Nel tentativo di placare la crescente preoccupazione circa le quantità di contenitori usa e getta superflui utilizzati nelle sue caffetterie Starbucks, ha recentemente annunciato a gran voce che avrebbe gradualmente eliminato le cannucce di plastica sostituendole con nuovi coperchi di plastica “riciclabile”. In realtà il tipo di plastica che Starbucks definisce “riciclabile” viene inviata in discarica negli USA o spedita in paesi come la Malesia o il Vietnam spostando l’inquinamento. “Le affermazioni di Starbucks sulla caratteristica della plastica #5  di essere ampiamente riciclata non è corretta“, afferma Stiv Wilson, direttore delle campagne del progetto The Story of Stuff. “Questa incredibile attenzione ad un singolo prodotto non è necessariamente negativa, ma non è nemmeno buona cosa se non porta a un cambiamento più ampio e sistematico nei modi in cui la plastica: il materiale oggi più onnipresente in commercio, viene prodotta, usata e smaltita attualmente ” ha aggiunto.
Aziende come Starbucks sempre più prese di mira per il contributo all’inquinamento plastico causato dai propri imballaggi, si sono affidate principalmente al riciclaggio visto come la soluzione al problema, nonostante i numerosi punti di debolezza del sistema. Di conseguenza, gli Stati Uniti hanno inviato sempre maggiori quantità di plastica “riciclabile” alla Cina sino a che il paese ha chiuso i battenti. Ora gli Stati Uniti hanno iniziato a inviare i propri rifiuti di plastica ad altri paesi in Asia che, di conseguenza, hanno imposto divieti e restrizioni simili a quelli cinesi.
Il riciclaggio da solo non risolverà la crisi dell’inquinamento plastico“, ha dichiarato la responsabile campagna plastica di Greenpeace USA Kate Melges. “In effetti, affidarsi a un sistema di riciclaggio che sta fallendo negli Stati Uniti e affrontare i divieti all’estero peggiorerà   il problema. Ad oggi, solo il 9% di tutta la plastica mai creata è stata riciclata. È tempo che le aziende vadano oltre alle appariscenti iniziative di pubbliche relazioni ( flashy PR moves ) e inizino a ridurre in modo significativo la produzione di plastica e ad investire in alternative riutilizzabili“.
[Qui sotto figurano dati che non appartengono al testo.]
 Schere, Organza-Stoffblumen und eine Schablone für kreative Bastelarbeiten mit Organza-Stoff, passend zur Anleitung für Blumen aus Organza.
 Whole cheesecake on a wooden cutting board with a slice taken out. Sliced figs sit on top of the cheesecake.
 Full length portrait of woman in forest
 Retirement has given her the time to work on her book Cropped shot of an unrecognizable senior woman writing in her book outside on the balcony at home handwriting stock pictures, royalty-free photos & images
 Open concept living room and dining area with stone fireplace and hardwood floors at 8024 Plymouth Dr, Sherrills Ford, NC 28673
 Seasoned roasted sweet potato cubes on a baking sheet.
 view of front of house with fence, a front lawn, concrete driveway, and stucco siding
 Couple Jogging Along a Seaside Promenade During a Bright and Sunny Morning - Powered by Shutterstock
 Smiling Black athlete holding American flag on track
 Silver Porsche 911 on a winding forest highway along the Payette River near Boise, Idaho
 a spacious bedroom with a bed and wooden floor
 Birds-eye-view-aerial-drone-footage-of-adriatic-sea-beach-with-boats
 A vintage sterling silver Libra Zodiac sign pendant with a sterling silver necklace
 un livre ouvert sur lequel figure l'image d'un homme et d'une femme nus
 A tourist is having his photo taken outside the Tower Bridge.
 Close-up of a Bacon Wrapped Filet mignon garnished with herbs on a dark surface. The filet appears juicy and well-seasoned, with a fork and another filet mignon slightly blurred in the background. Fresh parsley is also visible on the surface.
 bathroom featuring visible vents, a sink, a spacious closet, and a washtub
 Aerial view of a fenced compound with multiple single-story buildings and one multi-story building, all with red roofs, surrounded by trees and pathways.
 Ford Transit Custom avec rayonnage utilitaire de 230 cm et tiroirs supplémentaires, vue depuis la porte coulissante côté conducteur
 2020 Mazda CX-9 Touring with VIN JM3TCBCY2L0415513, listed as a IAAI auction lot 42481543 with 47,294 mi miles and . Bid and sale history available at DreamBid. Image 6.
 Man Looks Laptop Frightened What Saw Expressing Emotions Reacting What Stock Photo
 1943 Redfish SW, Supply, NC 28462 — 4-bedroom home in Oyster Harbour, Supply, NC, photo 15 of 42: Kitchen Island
In molti dei paesi dove Starbuck è presente ci sono da zero a poche infrastrutture di riciclaggio. Non solamente contenitori, coperchi e cannucce marchiate Starbucks, compaiono tra i rifiuti raccolti nelle operazioni di pulizia delle spiagge ma, secondo l’app Litterati, i prodotti a marchio Starbucks rientrano facilmente tra i primi tre marchi identificati nei rifiuti a livello globale, se non il numero uno.
Con questo in mente, il movimento #breakfreefromplastic invita il CEO di Starbucks Kevin Johnson a visitare le comunità del Sud-Est asiatico più colpite dai rifiuti di plastica creati dalle aziende con sede nel nord del mondo. Vai al testo della lettera. 
Il tipo di inquinamento plastico che stiamo osservando nel Sud-Est asiatico è prodotto da società globali con sede in Nord America ed Europa“, ha dichiarato il coordinatore globale di Break Free From Plastic Von Hernandez. “Mentre questi paesi sono stati accusati di  essere i maggiori responsabili dell’inquinamento plastico, chi sta davvero spingendo per aumentare la produzione di questi rifiuti sono le aziende situate nel nord del mondo. Queste aziende devono assumersi la responsabilità dei loro rifiuti “.
Il carattere fuorviante degli impegni di riciclaggio presi dall’industria hanno ostacolato il progresso verso soluzioni reali che possono offrire soluzioni all’inquinamento da plastica. Monica Wilson, Research & Policy Director di GAIA, afferma: “Chiediamo a Starbucks di assumersi la responsabilità dei propri prodotti e imballaggi e di smettere di fingere che la marea di plastica immessa sul mercato venga effettivamente riciclata”.